> **Supplied information**
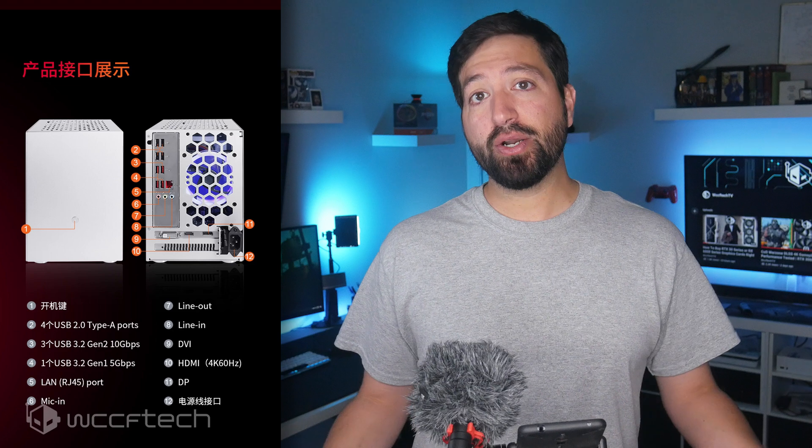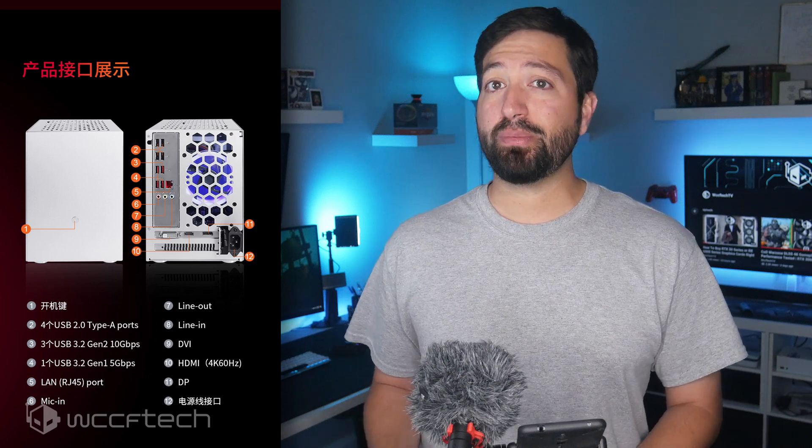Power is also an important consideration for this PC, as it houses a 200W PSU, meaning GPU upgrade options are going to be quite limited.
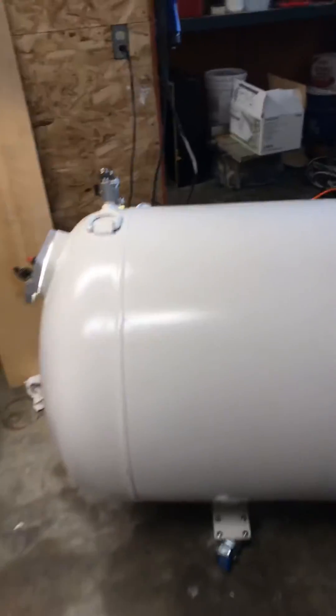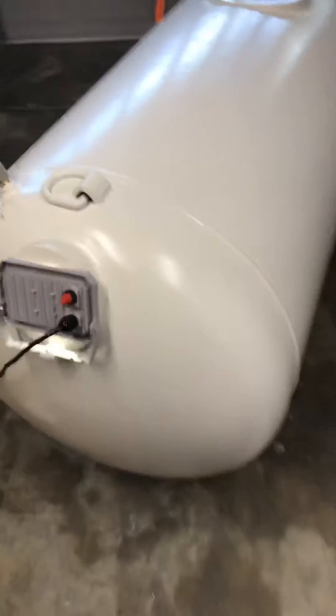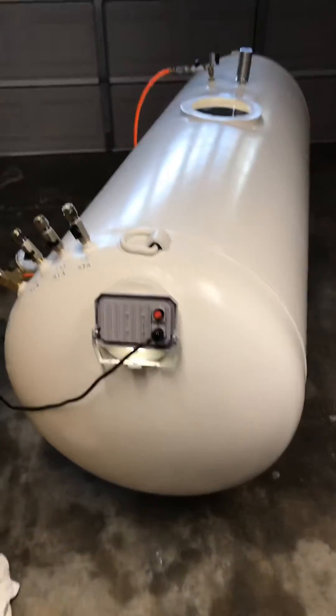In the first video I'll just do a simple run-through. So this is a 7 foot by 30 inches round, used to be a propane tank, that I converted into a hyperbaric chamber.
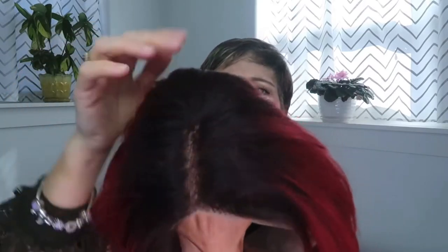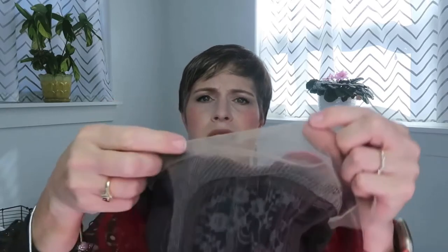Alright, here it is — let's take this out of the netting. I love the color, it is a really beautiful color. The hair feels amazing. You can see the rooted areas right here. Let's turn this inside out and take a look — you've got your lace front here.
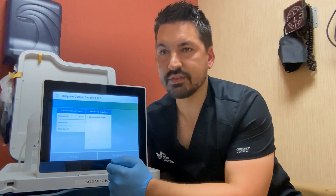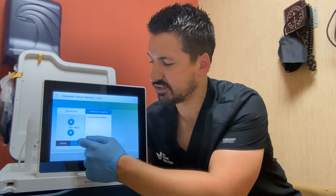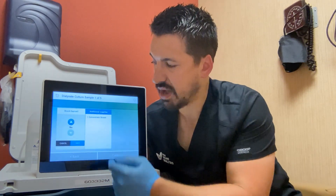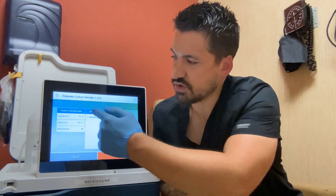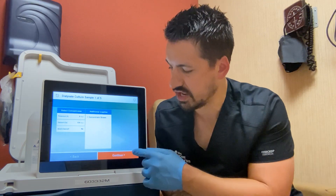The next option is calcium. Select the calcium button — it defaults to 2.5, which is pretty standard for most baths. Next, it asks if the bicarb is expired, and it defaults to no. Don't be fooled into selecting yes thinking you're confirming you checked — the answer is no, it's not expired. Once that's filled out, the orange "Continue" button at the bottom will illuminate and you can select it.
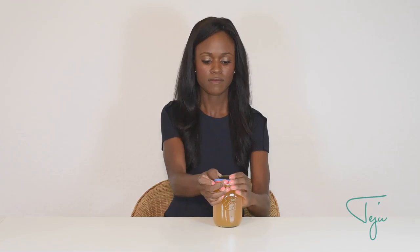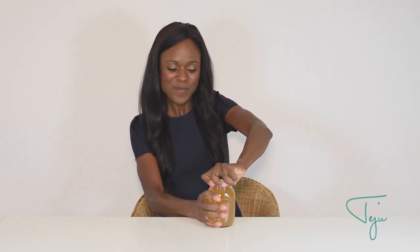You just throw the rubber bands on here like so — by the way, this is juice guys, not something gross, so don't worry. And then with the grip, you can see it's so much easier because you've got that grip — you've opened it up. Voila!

> **What needs to be done**
Could you restate exactly the lines from the line containing "The next option" through the end of the listing, both ends included and nothing else, leaving the images out?

> **Task answer**
The next option is calcium. Select the calcium button — it defaults to 2.5, which is pretty standard for most baths. Next, it asks if the bicarb is expired, and it defaults to no. Don't be fooled into selecting yes thinking you're confirming you checked — the answer is no, it's not expired. Once that's filled out, the orange "Continue" button at the bottom will illuminate and you can select it.
You just throw the rubber bands on here like so — by the way, this is juice guys, not something gross, so don't worry. And then with the grip, you can see it's so much easier because you've got that grip — you've opened it up. Voila!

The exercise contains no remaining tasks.